Peter N. Lundblad wrote:
> ...
> Yes, that's what I'm going to do. Problem is this:
> - svn_cmdline_printf() takes UTF-8 *strings* and other argument types
> - apr_psprintf will not touch the encoding of the strings, but it will
> ocnvert %d etc. to the locale's encoding (no, it won't, it converts it
> using numbers, . etc. from the C execution character set...)
> - When we are going to convert from UTF-8, we may have a mixed encoing
> string:-(
>
> Since the digits and the other characters that apr_psprintf will produce
> are in the ASCII (7-bit) range, they are the same for UTF-8 in ASCII-based
> encodings.

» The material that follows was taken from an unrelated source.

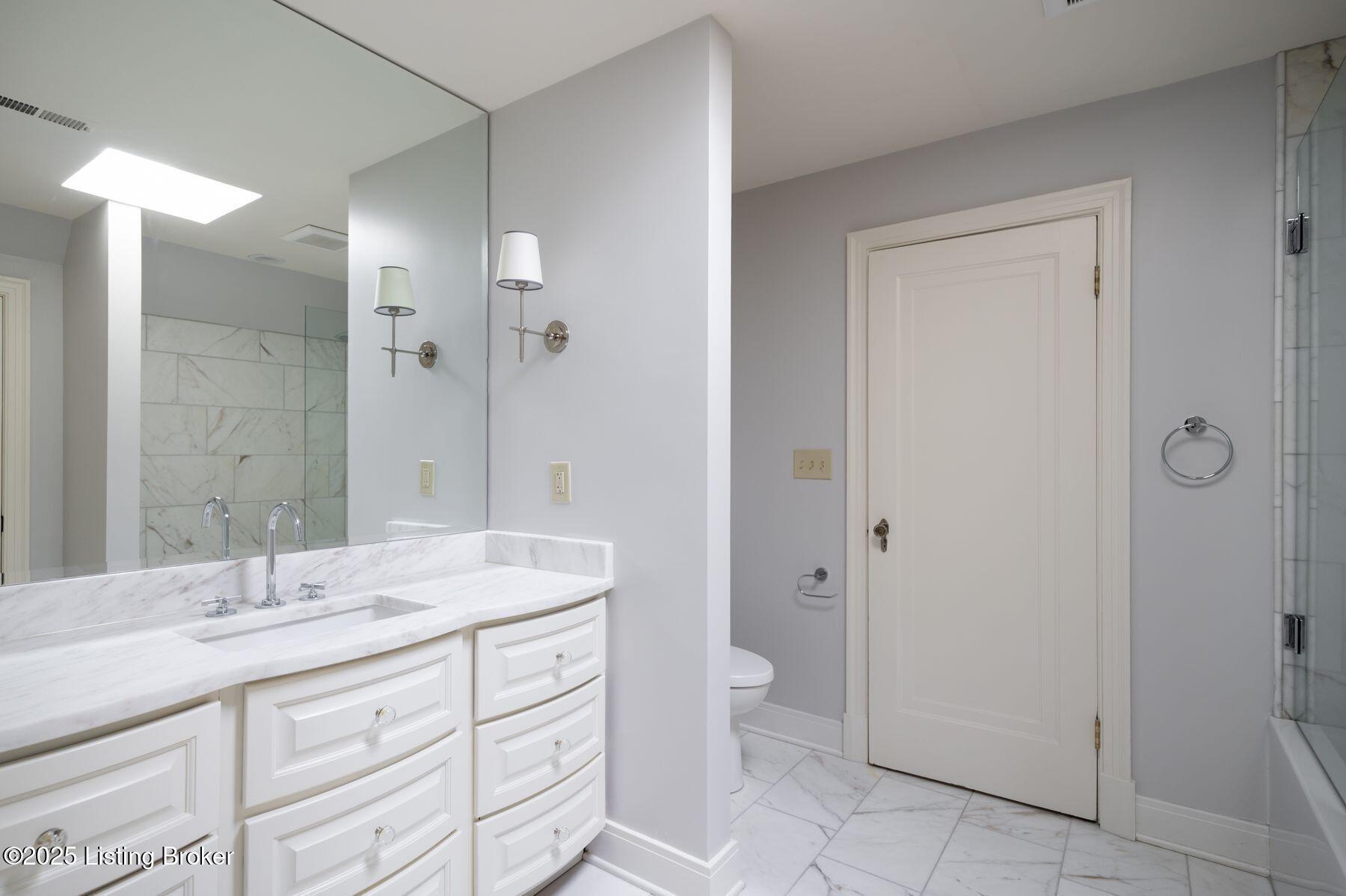11 Brownsboro Hill Rd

So this shouldn't be a problem in most cases. But what happens
> on, i.e. EBCDIC systems? Anyone who knows?
If you use stdio s(n)printf, the local encoding system is used.
Current EBCDIC-based systems (i.e. AS/400), to my knowledge, provide
a compile-time option for using EBCDIC or ASCII as the base
character set. If you compile in EBCDIC mode, then the numbers
will be in EBCDIC. However, so will all other characters, so the
whole "UTF-8 is a subset of the standard charset" assumption is
out the window. Compile in ASCII mode and those problems go away,
so *if* you decide to support those systems, that is probably the
only feasible way.
Frankly, I doubt if Subversion compiles on AS/400 or any other
EBCDIC platform, so this is likely a non-issue.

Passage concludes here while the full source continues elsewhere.